• **EXTRACTED ENTRIES**
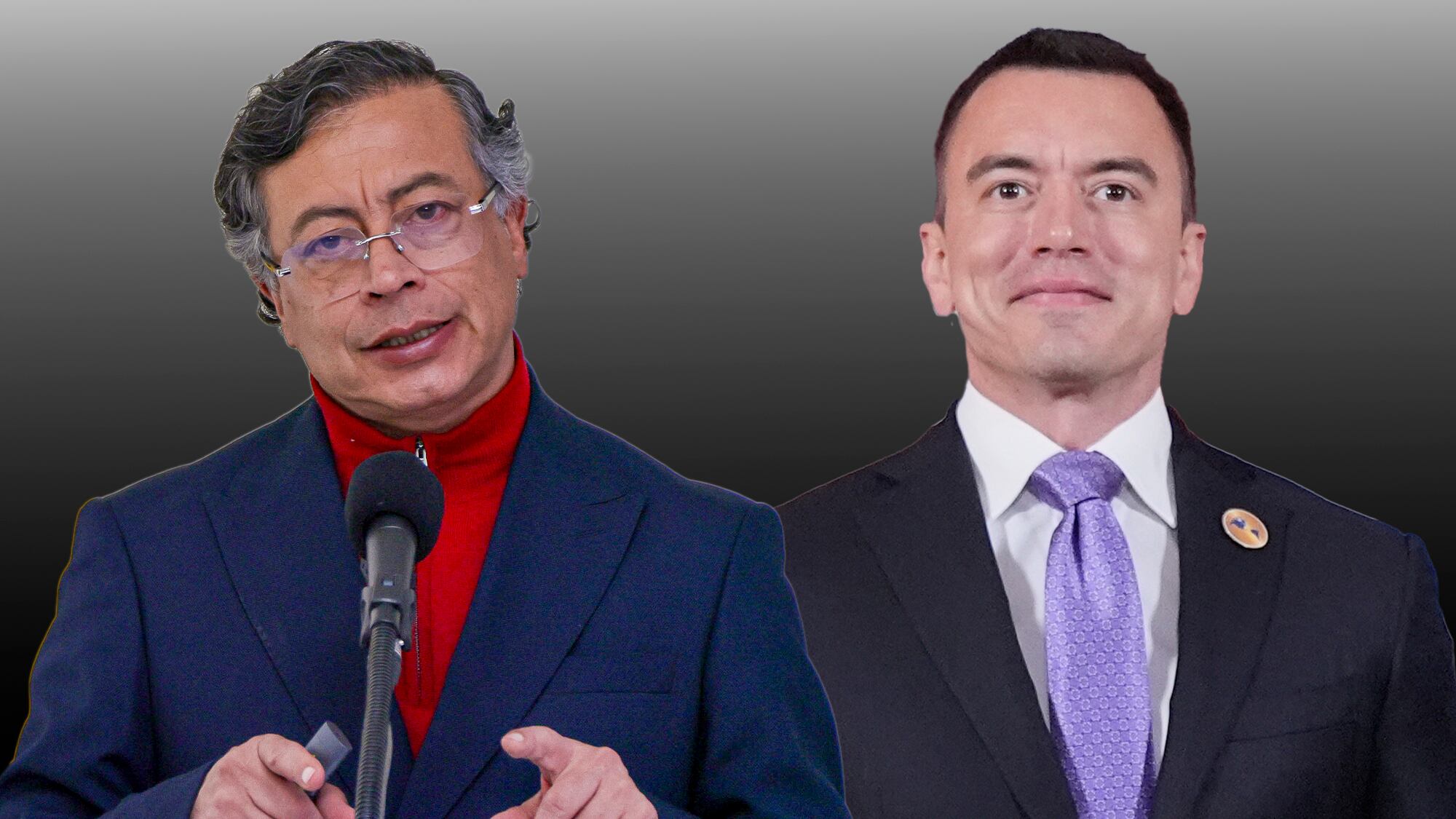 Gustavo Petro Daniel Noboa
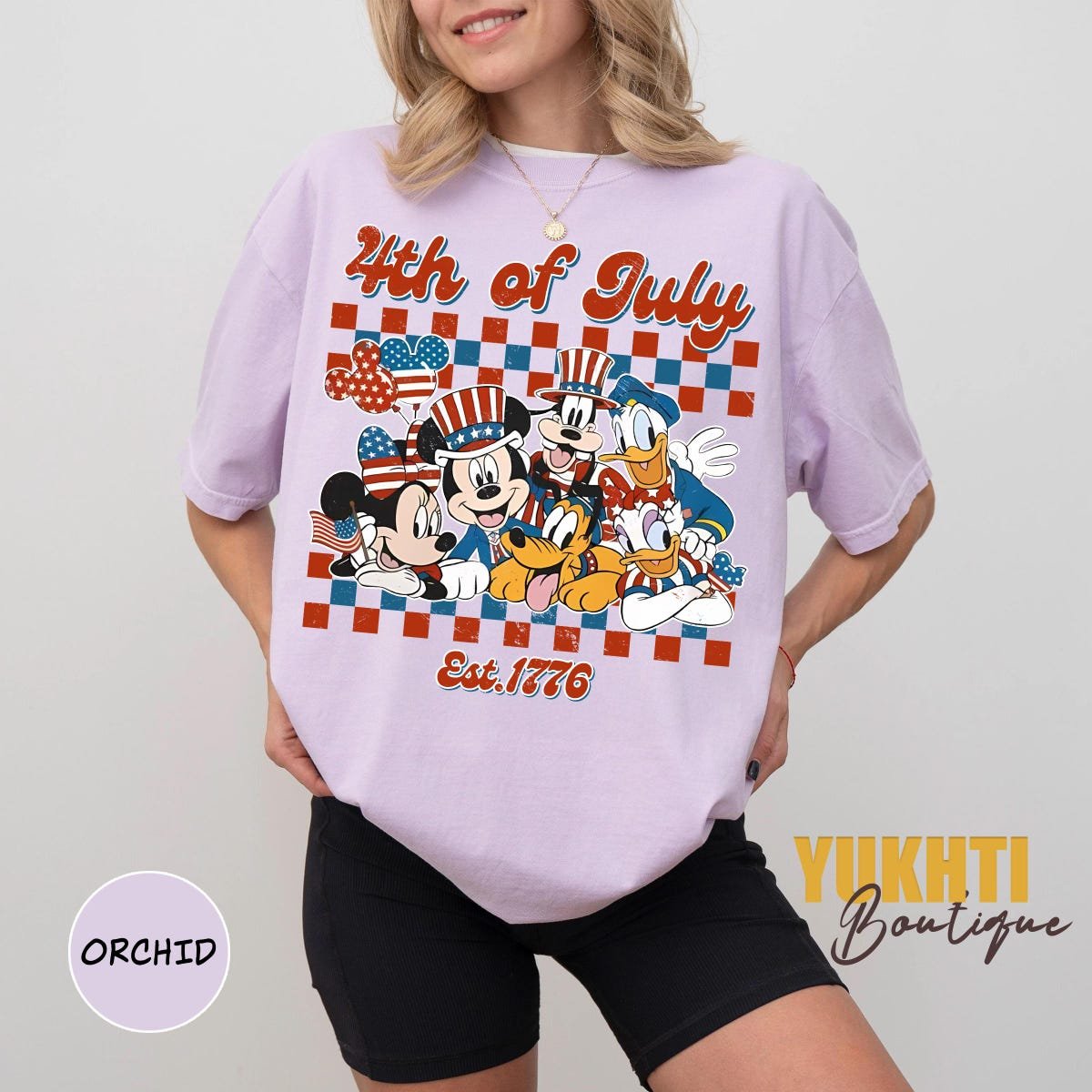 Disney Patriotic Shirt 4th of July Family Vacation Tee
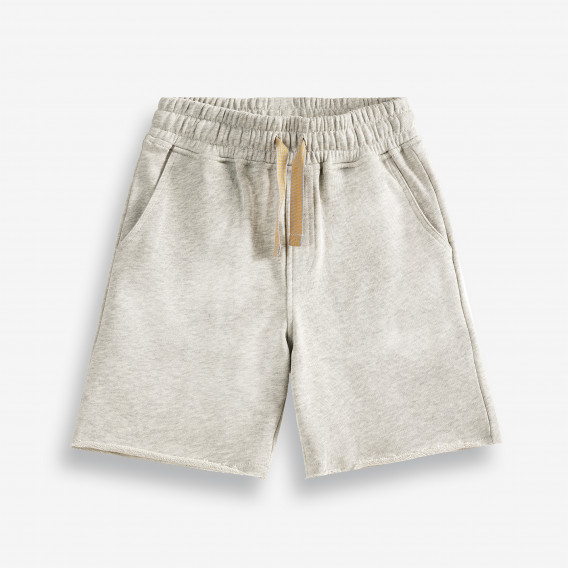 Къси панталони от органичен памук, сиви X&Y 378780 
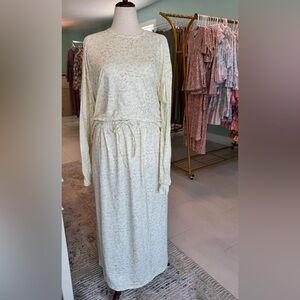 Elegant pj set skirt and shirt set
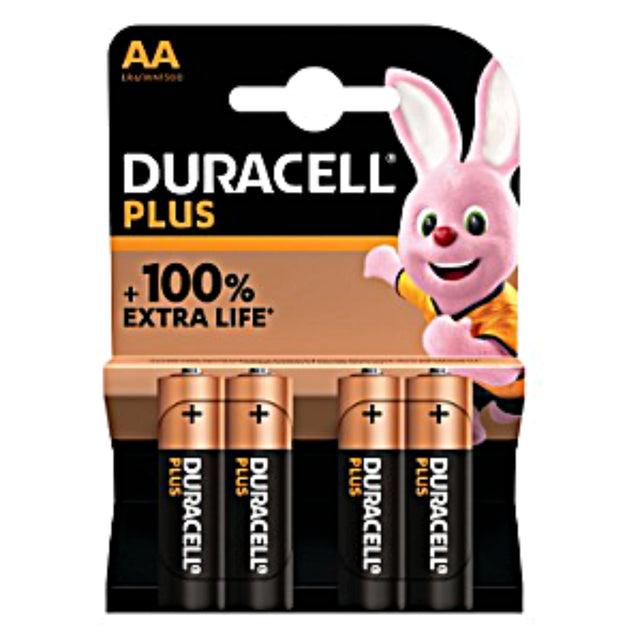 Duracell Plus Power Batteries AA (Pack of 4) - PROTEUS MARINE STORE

• **TASK ITEM**
Copy out all the data exactly, skipping the pictures.

• **TASK OUTPUT**
 Gustavo Petro Daniel Noboa
 Disney Patriotic Shirt 4th of July Family Vacation Tee
 Къси панталони от органичен памук, сиви X&Y 378780 
 Elegant pj set skirt and shirt set
 Duracell Plus Power Batteries AA (Pack of 4) - PROTEUS MARINE STORE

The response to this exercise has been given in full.